Successful outsourcing isn’t about tight contracts and meeting Service Level Agreements (SLAs). Rather, it is strictly a people-oriented business and is based on relationships between provider and customer, according to the first global outsourcing survey to be undertaken by KPMG.
Failed relationships equal spiralling costs, according to the report, with 60% of respondents claiming problems with their outsourcing provider are almost always people-related.
KPMG spokesman Egidio Zarella says this is because outsourcing arrangements are not managed correctly, with 79% of survey respondents not even knowing the cost of selecting a provider.
Zarella says 50% of respondents took longer than six months to complete the Request for Proposal (RFP) part of the process, while 30% took longer than nine months. During this time the market shifted.
He says organisations are in the dark when it comes to measuring the value of outsourcing deals, although 89% of respondents plan to increase their current level of outsourcing.
In fact, 42% of outsourcing arrangements are not supported by a formal strategic measurement framework.
More than 650 organisations in 32 countries participated in the survey and more than 60% of respondents are C-level executives.
Nearly half of respondents have an annual turnover of more than US$1 billion (NZ$1.45 billion) and 143 Australian companies participated in the research.
“Sourcing is completely a people’s business; only 13% blamed technology when the contract went bad,” Zarella says.
“It’s not about contracts but having the right people.
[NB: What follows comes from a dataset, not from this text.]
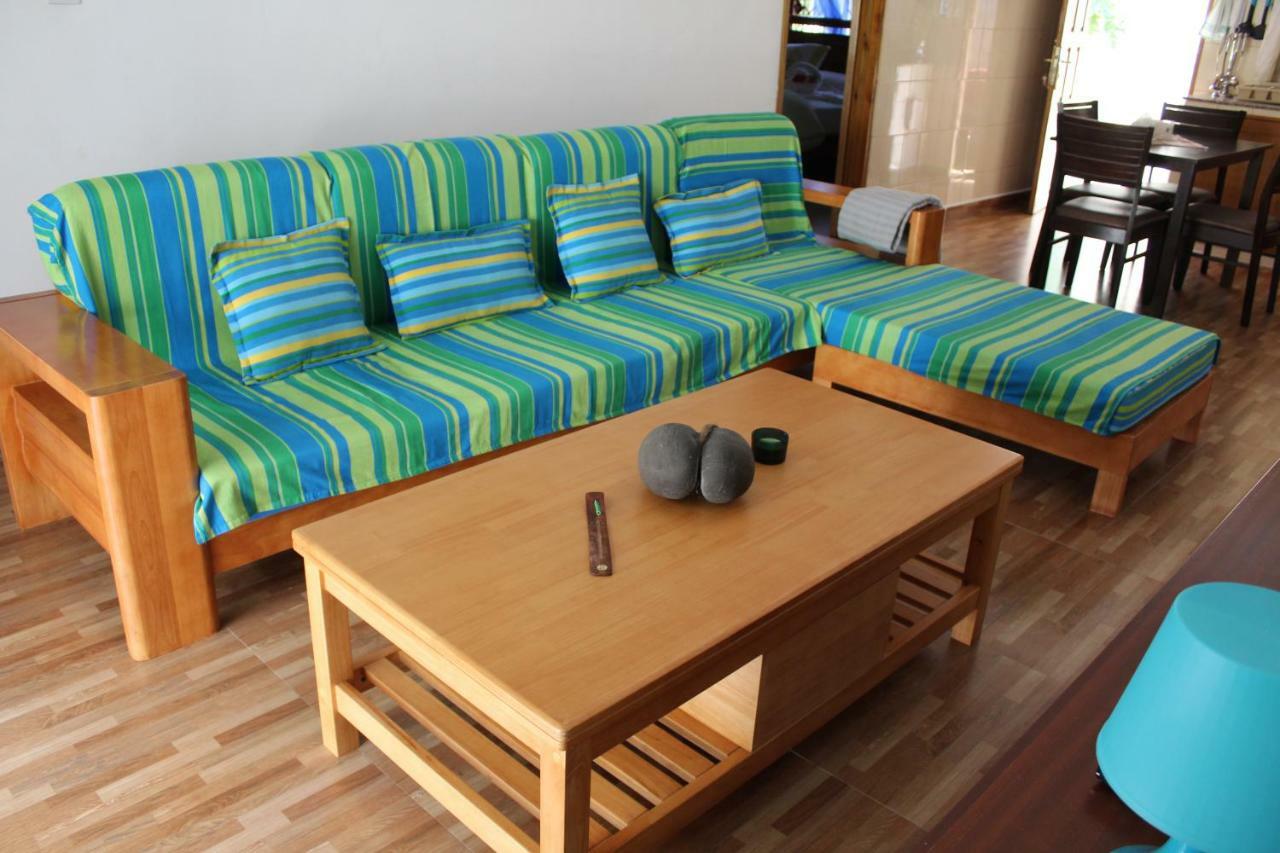 Farida Apartments Pointe Au Sel Экстерьер фото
The worst offenders are those with massive SLAs, they fail to keep it simple.
“Typically costs will initially go down when organisations outsource but two years later costs are higher than they were before outsourcing.”
Zarella blames lack of vendor management, claiming it is a full-time job to manage an outsourcing provider.
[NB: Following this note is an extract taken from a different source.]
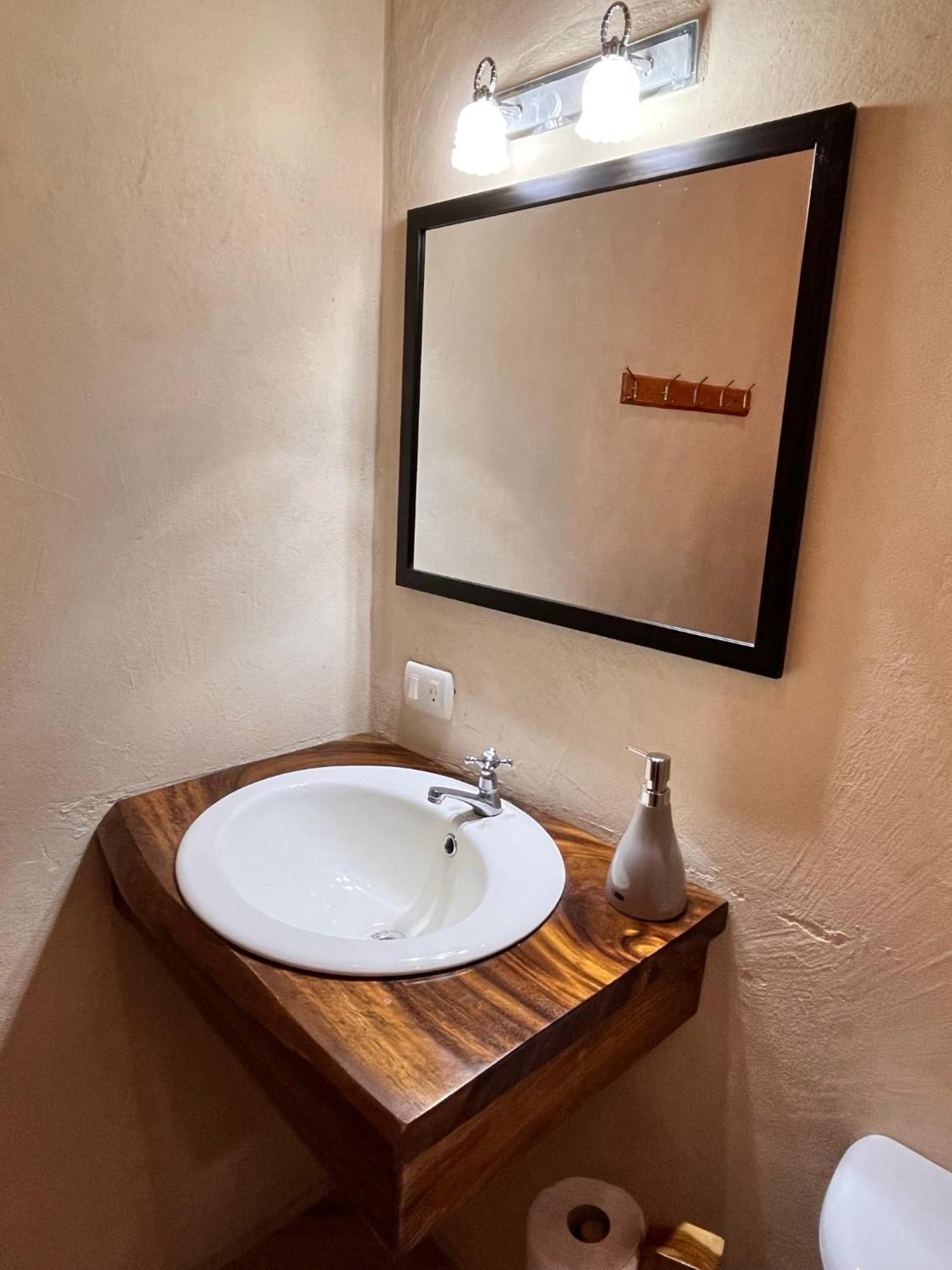 Apartamento Los Guanacastes Cerca De Tamarindo Con Piscina 산타 크루즈 외부 사진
He says deals should be monitored every quarter with a ten-point checklist and companies should check all change requests that go to the vendor.
“Only about 20% of companies in Australia measure outsourcers effectively because they don’t measure the contract beyond SLAs,” he says.
He believes organisations need to appoint a full-time “relationship manager” to remove dependencies on consultants.
“It is too expensive to keep IT in-house but it has to be done properly by appointing a relationship manager.
“Because this is a new title there is a serious shortage of people with vendor management skills — the days of a contract manager working in accounts payable are long gone.
“Also, the person that does the deal and develops the contract should not be the person managing it afterwards.”
The study supports Gartner research which claims IT departments are shrinking as IT professionals move into specialist roles such as vendor management.
In the future, an IT career will not be about technology but managing a range of service providers, the Gartner study found.
By 2010, IT organisations in large and medium-size companies will be 30% smaller, according to Diane Morello, vice president of research at Gartner.
“Partly driving this trend is outsourcing and IT automation,” she says.